When lives were mysteries. Does openness mean boringness?

Reddit user korrtuul comments on life in 1990’s without mobile phones:

Actually, I didn’t mind the lack of cellphones so much. It’s not like we had anything to compare it to mind you, it just was the way it was. Coming home to get messages wasn’t all that bad, kind of like snail mail for the phone. Nobody expecting you to answer the moment they called, just hoping to catch you. Everyone was a mystery, secret lives and adventures for all I knew.

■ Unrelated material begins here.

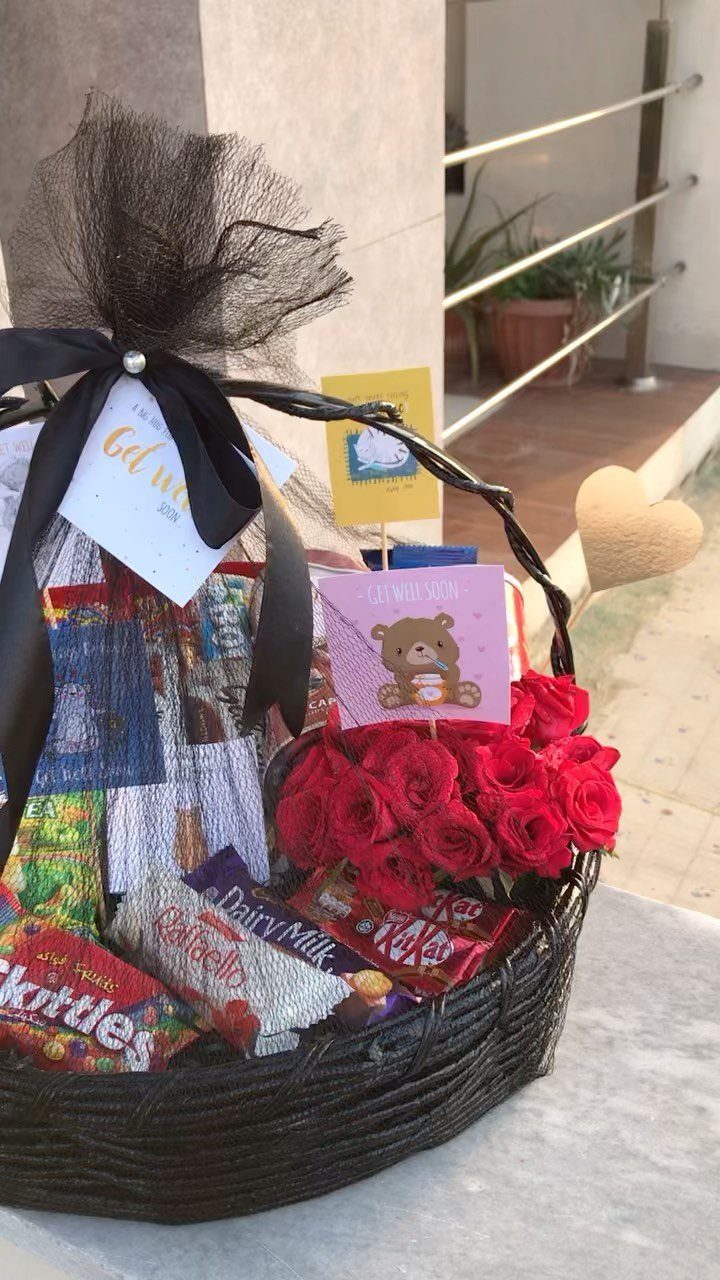 Comfort Gift Basket Ideas for Rough Days: 9 Picks 2 Wicker gift basket filled with chocolates, candies, and red roses wrapped in tulle.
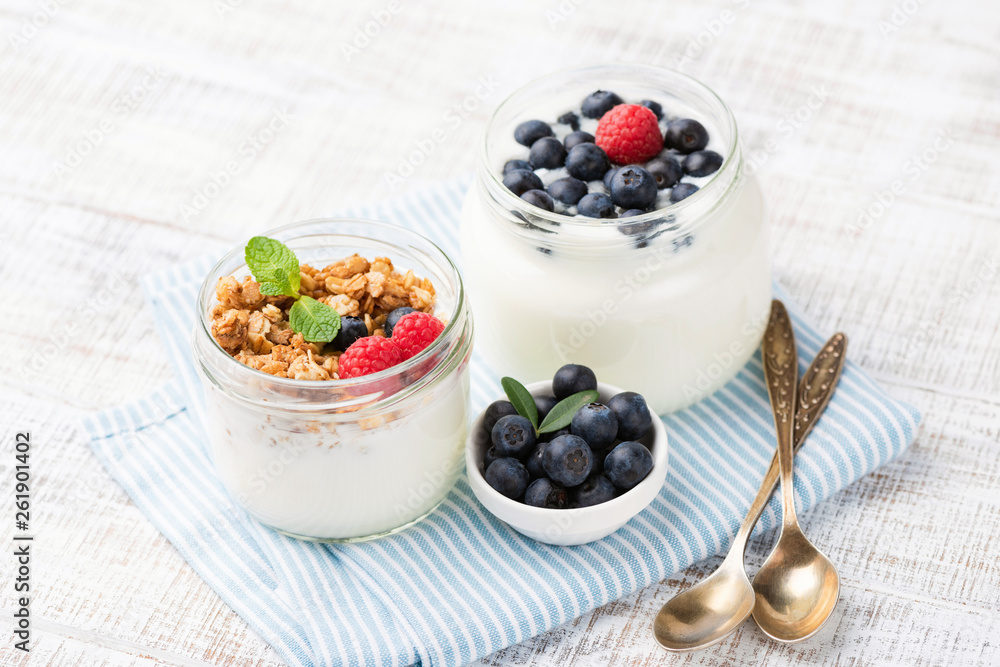 Greek yogurt with berries and granola cereals in jar on blue checkered napkin. Food for dieting, weight loss, healthy lifestyle, healthy breakfast or snack Greek yogurt with berries and granola cereals in jar on blue checkered napkin. Food for dieting, weight loss, healthy lifestyle, healthy breakfast or snack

I remember this phenomena. When you called someone and they weren’t home, you imagined that they were off at a cool party, or off rock-climbing, or having a great lunch with friends. In today’s connected world, you’re likely to get a text back that they’re in line at the bank.

This fits with a broader trend I’ve observed, that with increased openness and sharing, we learn more about how truly boring most lives are!

I’ve written before about how people sugar-coat their online lives to highlight the good parts, but most everyone today –and especially youth– understand that this is all for show.

I wrote a program that takes my picture in front of the computer every half hour. (LifeSlice, download here.) After more than a year of use, I can assure you that 95% of my life is totally boring. Even to me, and I’m the star! Don’t believe me, take a look at this little bit of August this year.

On the one hand, it’s psychologically reassuring to find out that other’s lives aren’t that different from my own. On the other hand, I do secretly hope that friends of mine are leading mysterious lives: writing novels they’ve told no one about, clandestine romances, fighting criminal masterminds at night, or leaving their cellphone at home while they walk in the woods.